LGBT activists sue Canadian pastor for preaching biblical sexuality

 



‘Our services are our services,’ the pastor said in response. ‘You don’t go into a bake shop and ask them to fix your car. Then you can’t come into a Christian church and expect us to convey messages that we don’t agree with.’


Back in 2019, I noted that the LGBT movement would methodically begin going after clergy for sermons. Most sermons and homilies are posted online; with laws that increasingly expand the definition of hate speech and sustained campaigns to portray Christian organizations at hate groups, it was only a matter of time before activists set to work trawling the hours of content hunting for any expression of heresy against LGBT orthodoxy. Any expression of the biblical view of sexuality and gender makes clergy a target.

The media is happy to help. In 2019, when a Catholic priest from Calgary was targeted for a homily in which he condemned the rainbow flag, the Toronto Star’s headline unabashedly sided with the activists: “Calgary priest under fire for homophobic remarks.”


Now, Pastor Terry Murphy of Victory Church in Regina, Saskatchewan, is under fire by LGBT activists for a March 6 online sermon defending biblical sexuality, in which he noted that today’s trans movement and the promotion of gender fluidity can be a form of child abuse.



LGBT activist Terry van Mackelberg, who discovered the sermon and was apparently shocked and offended to discover that a Christian church had not yet changed its teachings to align with his lifestyle and identity, has now organized both a Sunday protest in front of the church (drawing on comrades from Regina and Saskatoon), as well as an “application under the Saskatchewan Human Rights Code, which protects a person’s right to equality without discrimination based on age, religion, sexual orientation or gender identity,” according to CBC News.
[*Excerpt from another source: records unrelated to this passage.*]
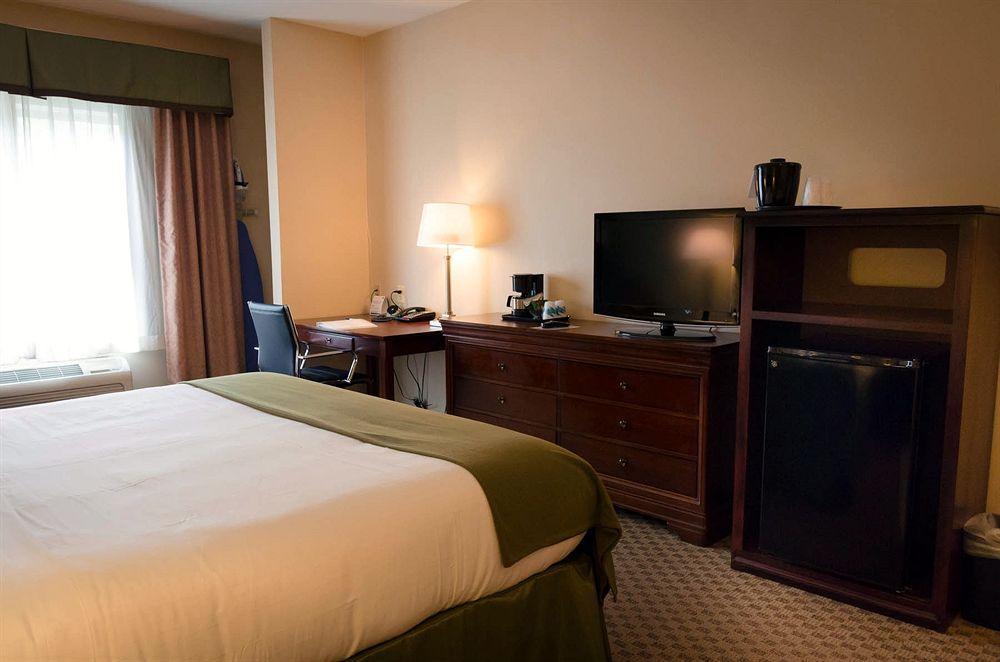 Holiday Inn Express La Plata By Ihg Bagian luar foto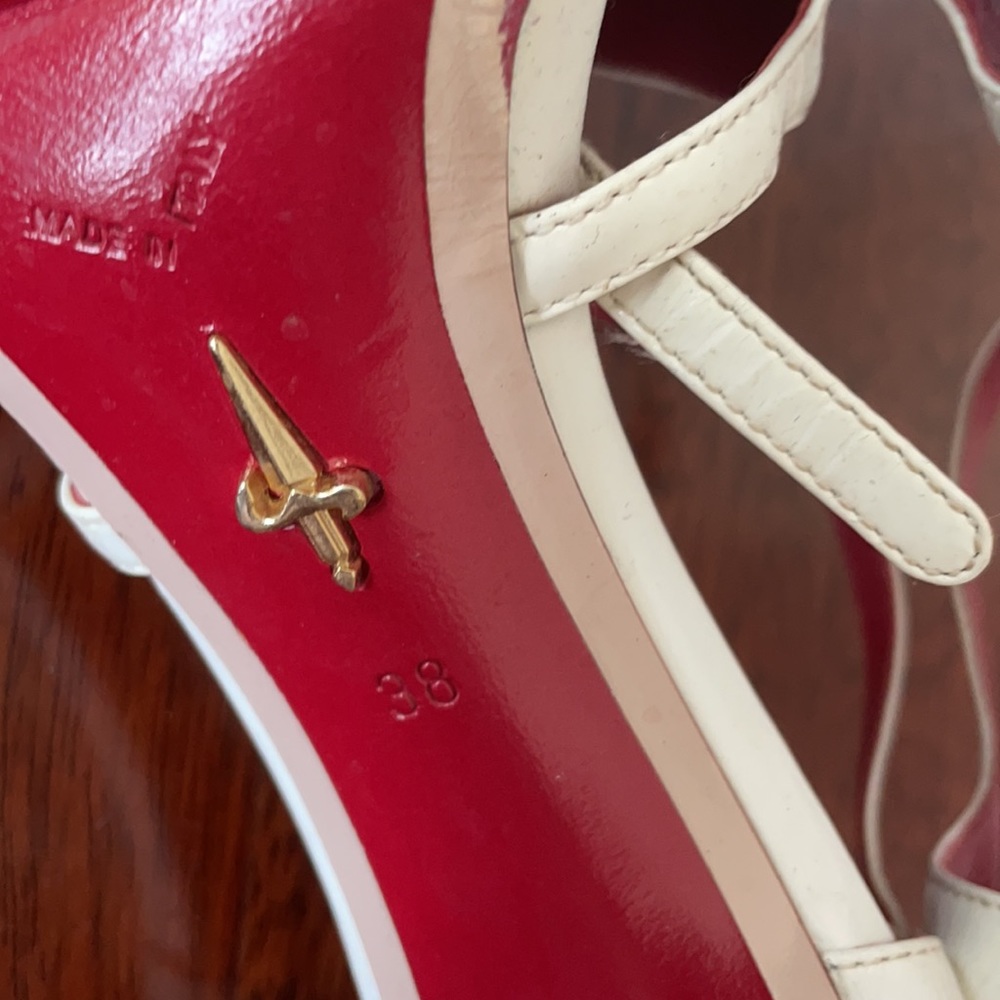 Cesare Paciotti White Heels - Picture 5 of 5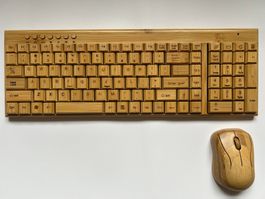 Kabellose Holztastatur und Maus von PrideWood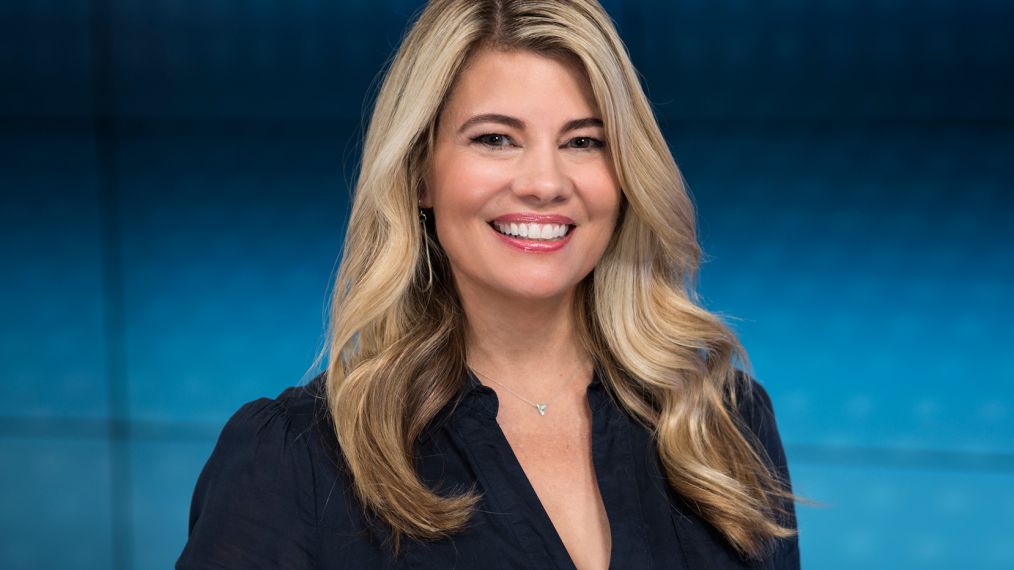 Lisa Whelchel hosts Collector's Call on MeTV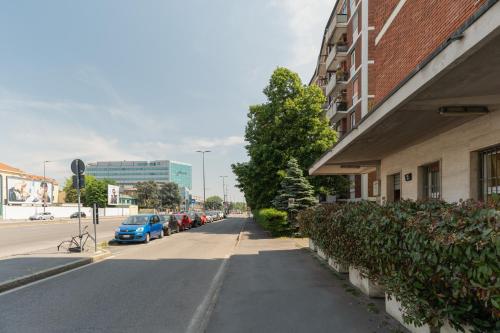 GuestHost - Balcony Flat X3 Linate Airport MM4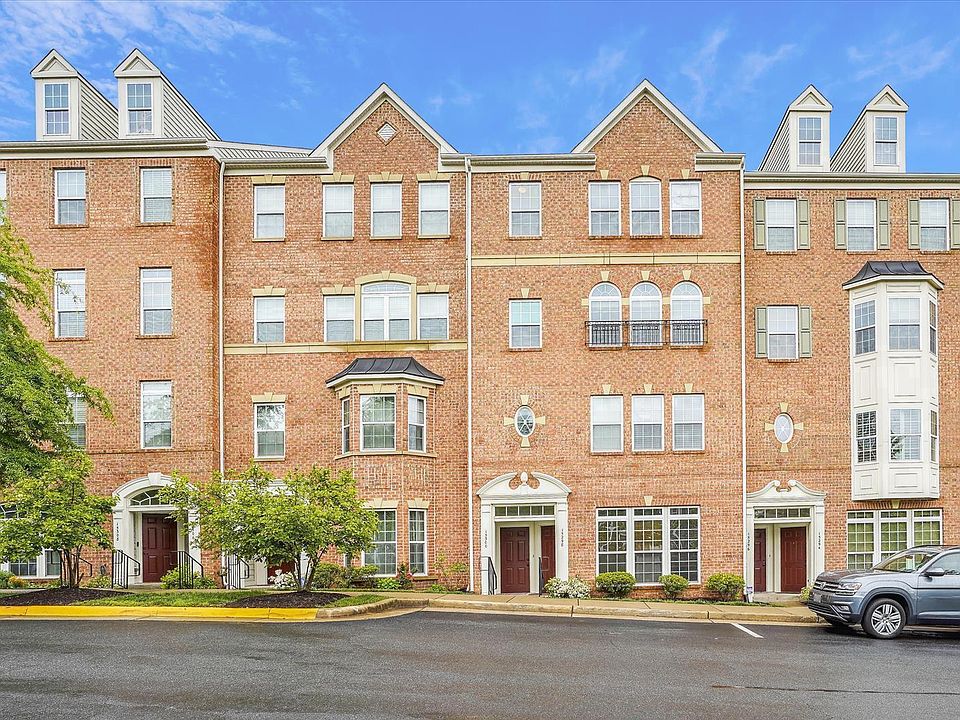 1st image of 15300 Regents Park Dr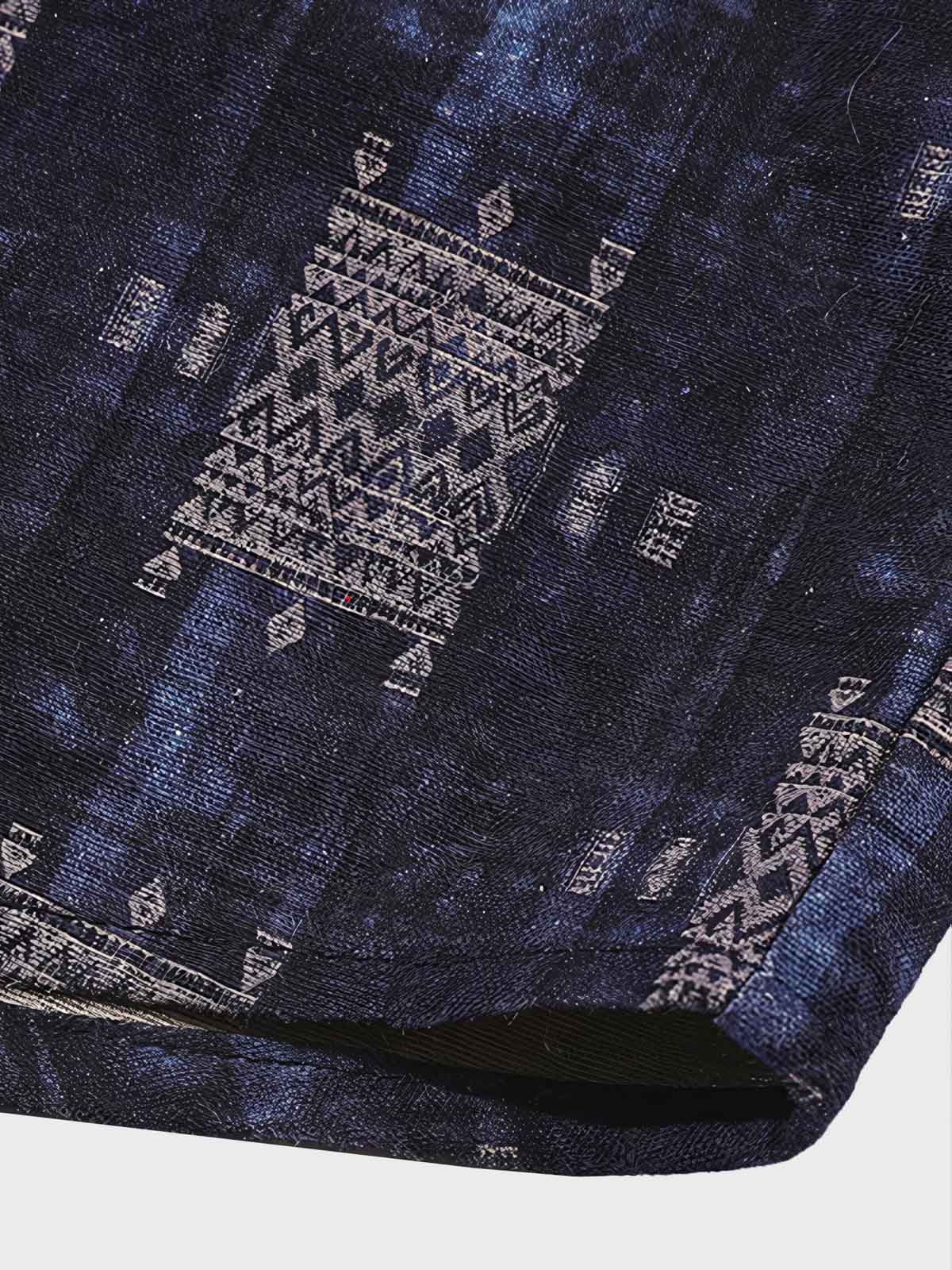 詳細画像: シャツのラウンドヘムとプリント柄のディテール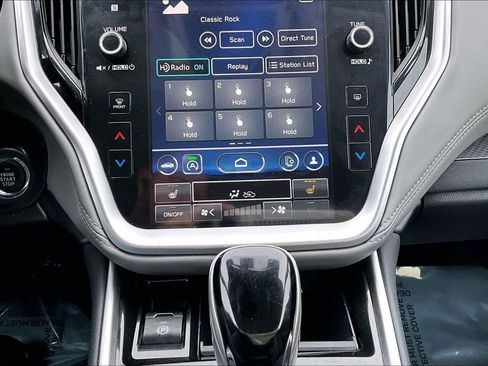 Used 2023 Subaru Outback Premium image 31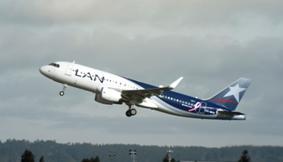 3 avions de LAN Airlines volent avec un ruban rose sur le flanc depuis le 6 octobre 2014 - Photo DR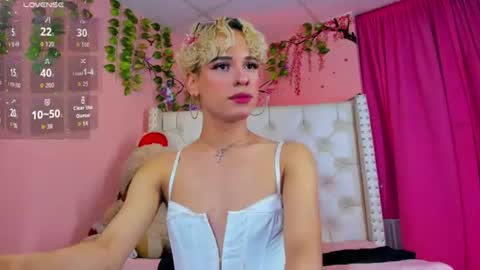valentinee_xo online show from June 27, 5:45 am
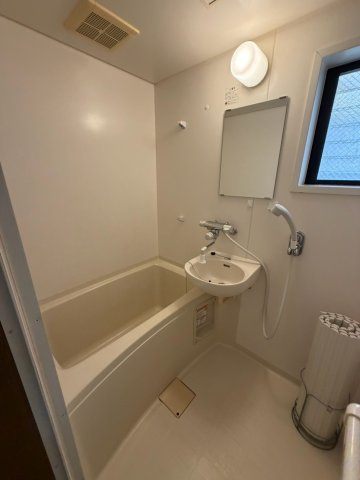 芦屋川ハイツの浴室
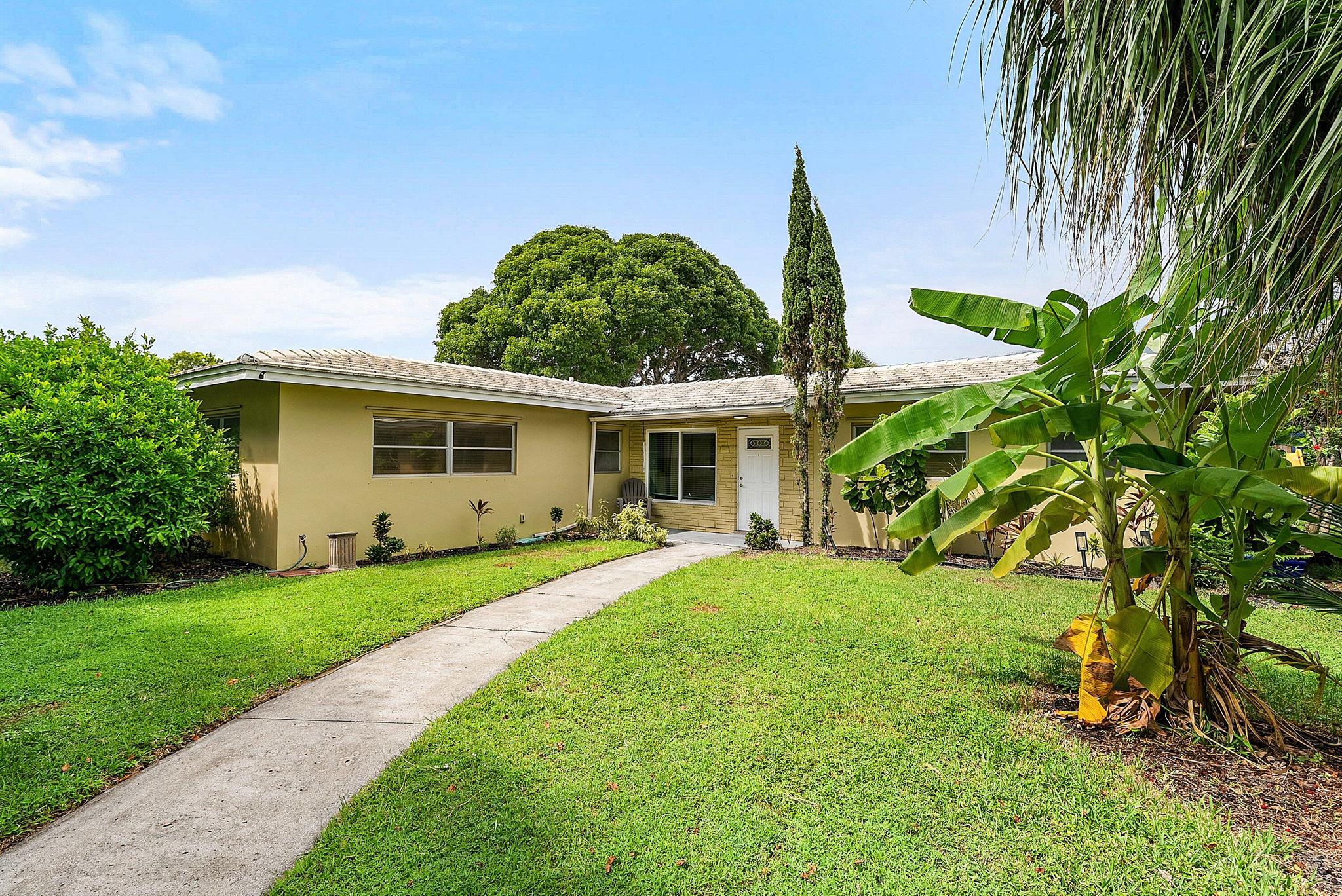857 NW 8th Ave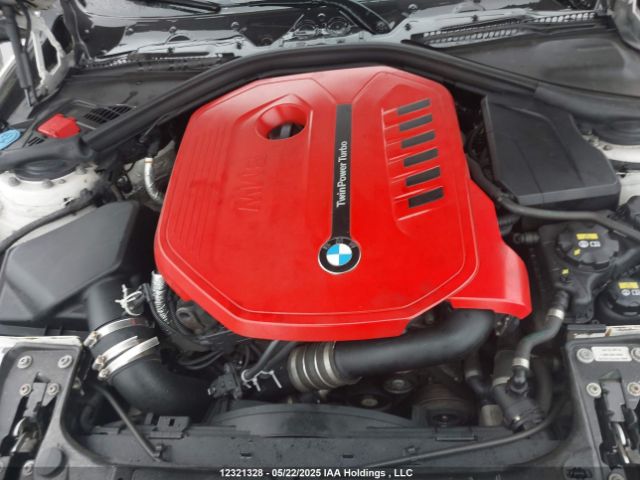 WBA8B7C3XHK806646 BMW 3 Series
The LGBT movement — which is capable of blitzkrieg-level mobilization in cases like this — managed to drum up over 840 co-plaintiffs for the application in only two days. At their behest, local politicians have obediently labeled the sermon transphobic and homophobic, and Regina businesses, eager for cheap virtue-signaling (and to avoid the ire of the “Love Wins” folks), began posting Pride flag profile pictures on social media.


Van Mackelberg, who fundraises for immoral anti-God LGBT causes as a drag queen under the moniker Flo Mingo, was happy to tell the CBC why he’d decided to organize against a Christian pastor for saying Christian things. 

“Unfortunately, we’re not in a place yet where we are fully accepted and we can live our true lives,” he said, without explaining why Murphy’s views prevent him from doing anything. “We’re getting there. We’re getting close. But definitely, there are some people out there that are not happy with the steps I’m taking.”

Van Mackelberg believes that LGBT people cannot live their “true lives” until pastors who preach the Bible are silenced. All Christians who believe the Bible must be re-educated to believe homosexuality is good.

“I want to show that this type of behaviour is not acceptable in society, and it never has been acceptable,” he stated. “We can’t be silenced and we can’t be forced to live a life where we can’t be who we truly are. Being gay is normal. I was born like this and there’s nothing that anybody can do to change that."

LGBTQ ideology is intolerant of views that disagree with their broken lifestyle choices and demand all people think like they do or you will be reported.

 “I don’t believe we’ve done anything to break human rights, but the LGBTQ community has rights as well. And like everyone else, they have the right to complain when they want to,” Pastor Murphy told the CBC in response. 

“What I said was not hate speech. I’ve been misquoted. I’ve been misinterpreted. Some have even tried to interpret what I meant instead of what I said. There’s been a large misrepresentation of my message. I spent my life working with people, loving people and trying to help families in distress and help young people.”

Murphy noted that he and his church are now being targeted, and people have “spewed hatred” at him, something anyone who has criticized LGBT activists can relate to. 

“Our services are our services. You don’t go into a bake shop and ask them to fix your car. Then you can’t come into a Christian church and expect us to convey messages that we don’t agree with. We have our philosophy and ideology just like they do.”

For folks like Van Mackelberg, that isn’t good enough. If they aren’t confronted by messages that disturb them, they now go hunting for them. Murphy is the canary in the coal mine — if the case against him is successful, we will see a scaled-up effort to uncover any sermon critical of the LGBT movement followed by a move to deny churches charitable status — and, if they can get away with it, prosecution. With tens of thousands of sermons posted online, they’ll have a lot to work through.